FAO Schwarz Parent Files for Chapter 11
Troy Wolverton
01/13/03 - 02:56 PM EST
FAO (FAOO Quote), the parent company of toy retailer FAO Schwarz, has filed for reorganization in a Chapter 11 bankruptcy proceeding.
The King of Prussia, Pa.-based company, which also operates the Zany Brainy and The Right Start chains, plans to continue operating its stores through the bankruptcy process, FAO said in a statement on Monday. FAO hopes to emerge from bankruptcy by the second quarter, the company said.
"Having already made significant strides in our restructuring efforts, we are now able to turn our focus toward ensuring our long-term financial health," said Jerry R. Welch, FAO's CEO, in the statement.

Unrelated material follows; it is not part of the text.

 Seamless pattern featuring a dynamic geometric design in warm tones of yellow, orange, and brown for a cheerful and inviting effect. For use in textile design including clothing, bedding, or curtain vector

Saying that it faced a "liquidity crisis," FAO
warned last month that it might need to file for bankruptcy if
Wells Fargo, its bank, didn't relax its credit restrictions. The companies later negotiated a standstill agreement under which Wells Fargo and FAO's other bank lenders agreed not to take any action to pursue their claims against FAO; that agreement expired on Friday.
FAO also announced last month that it would close up to 70 stores, 55 of them being Zany Brainy outlets. Then known as The Right Start, FAO acquired the Zany Brainy stores in September 2001 as part of an asset sale related to Zany Brainy's own bankruptcy proceedings. FAO took on its current name and form after buying FAO Schwarz in January from the Netherlands-based Royal Vendex KBB.
Restrictive borrowing conditions put in place by FAO's lenders forced the company to file for bankruptcy, company spokeswoman Renee Hollinger said. FAO's bank lenders are holding about $20 million as a cash collateral against the company's outstanding loans. As part of an agreement reached with the lenders, FAO will be able to tap into that cash collateral and its operating revenue to fund its operating activities going forward, assuming the bankruptcy court approves the plan, Hollinger said.
"This gives us an opportunity to complete our store closings and restructuring under a structured, court-controlled, supervised environment," she said.
Despite acquiring its high-profile brands, FAO has struggled to get its financial footing. In its third fiscal quarter, which ended Nov. 2, the company lost $23.7 million, or 66 cents per share, on $88 million in revenue.
FAO lost $9.9 million, or $4.07 per share, on $57 million in revenue last year. FAO's outstanding shares ballooned from 7.2 million to 35.8 million over the last year as it issued stock for acquisitions and to fund its working capital.